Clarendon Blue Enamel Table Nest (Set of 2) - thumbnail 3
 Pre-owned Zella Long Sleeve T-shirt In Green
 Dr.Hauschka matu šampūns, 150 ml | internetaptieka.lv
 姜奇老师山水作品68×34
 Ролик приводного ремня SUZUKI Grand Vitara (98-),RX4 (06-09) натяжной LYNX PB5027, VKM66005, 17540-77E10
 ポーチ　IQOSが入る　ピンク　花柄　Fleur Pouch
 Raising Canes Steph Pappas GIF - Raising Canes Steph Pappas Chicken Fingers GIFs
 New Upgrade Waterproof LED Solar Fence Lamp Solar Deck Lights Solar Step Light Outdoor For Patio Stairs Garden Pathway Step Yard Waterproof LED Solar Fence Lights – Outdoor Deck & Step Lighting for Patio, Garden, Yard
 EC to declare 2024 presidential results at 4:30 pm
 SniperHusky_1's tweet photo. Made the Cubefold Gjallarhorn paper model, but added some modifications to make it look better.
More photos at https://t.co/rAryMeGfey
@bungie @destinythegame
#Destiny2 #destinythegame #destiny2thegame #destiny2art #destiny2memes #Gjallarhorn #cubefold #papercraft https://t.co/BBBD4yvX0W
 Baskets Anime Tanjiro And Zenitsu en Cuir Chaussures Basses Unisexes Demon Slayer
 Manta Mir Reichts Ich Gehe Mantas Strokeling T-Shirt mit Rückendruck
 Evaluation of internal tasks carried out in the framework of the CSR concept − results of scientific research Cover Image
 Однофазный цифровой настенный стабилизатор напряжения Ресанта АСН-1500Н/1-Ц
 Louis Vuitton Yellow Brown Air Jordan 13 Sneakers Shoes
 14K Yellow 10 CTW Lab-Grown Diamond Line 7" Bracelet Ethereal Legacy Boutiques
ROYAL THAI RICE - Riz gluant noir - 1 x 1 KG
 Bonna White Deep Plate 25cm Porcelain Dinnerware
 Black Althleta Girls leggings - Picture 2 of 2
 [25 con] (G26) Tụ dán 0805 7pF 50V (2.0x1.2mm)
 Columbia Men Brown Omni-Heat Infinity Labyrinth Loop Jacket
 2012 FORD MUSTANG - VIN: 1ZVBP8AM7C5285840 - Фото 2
====
_Problem_:
Word for word, write out each entry shown above.

_Result of this task_:
Clarendon Blue Enamel Table Nest (Set of 2) - thumbnail 3
 Pre-owned Zella Long Sleeve T-shirt In Green
 Dr.Hauschka matu šampūns, 150 ml | internetaptieka.lv
 姜奇老师山水作品68×34
 Ролик приводного ремня SUZUKI Grand Vitara (98-),RX4 (06-09) натяжной LYNX PB5027, VKM66005, 17540-77E10
 ポーチ　IQOSが入る　ピンク　花柄　Fleur Pouch
 Raising Canes Steph Pappas GIF - Raising Canes Steph Pappas Chicken Fingers GIFs
 New Upgrade Waterproof LED Solar Fence Lamp Solar Deck Lights Solar Step Light Outdoor For Patio Stairs Garden Pathway Step Yard Waterproof LED Solar Fence Lights – Outdoor Deck & Step Lighting for Patio, Garden, Yard
 EC to declare 2024 presidential results at 4:30 pm
 SniperHusky_1's tweet photo. Made the Cubefold Gjallarhorn paper model, but added some modifications to make it look better.
More photos at https://t.co/rAryMeGfey
@bungie @destinythegame
#Destiny2 #destinythegame #destiny2thegame #destiny2art #destiny2memes #Gjallarhorn #cubefold #papercraft https://t.co/BBBD4yvX0W
 Baskets Anime Tanjiro And Zenitsu en Cuir Chaussures Basses Unisexes Demon Slayer
 Manta Mir Reichts Ich Gehe Mantas Strokeling T-Shirt mit Rückendruck
 Evaluation of internal tasks carried out in the framework of the CSR concept − results of scientific research Cover Image
 Однофазный цифровой настенный стабилизатор напряжения Ресанта АСН-1500Н/1-Ц
 Louis Vuitton Yellow Brown Air Jordan 13 Sneakers Shoes
 14K Yellow 10 CTW Lab-Grown Diamond Line 7" Bracelet Ethereal Legacy Boutiques
ROYAL THAI RICE - Riz gluant noir - 1 x 1 KG
 Bonna White Deep Plate 25cm Porcelain Dinnerware
 Black Althleta Girls leggings - Picture 2 of 2
 [25 con] (G26) Tụ dán 0805 7pF 50V (2.0x1.2mm)
 Columbia Men Brown Omni-Heat Infinity Labyrinth Loop Jacket
 2012 FORD MUSTANG - VIN: 1ZVBP8AM7C5285840 - Фото 2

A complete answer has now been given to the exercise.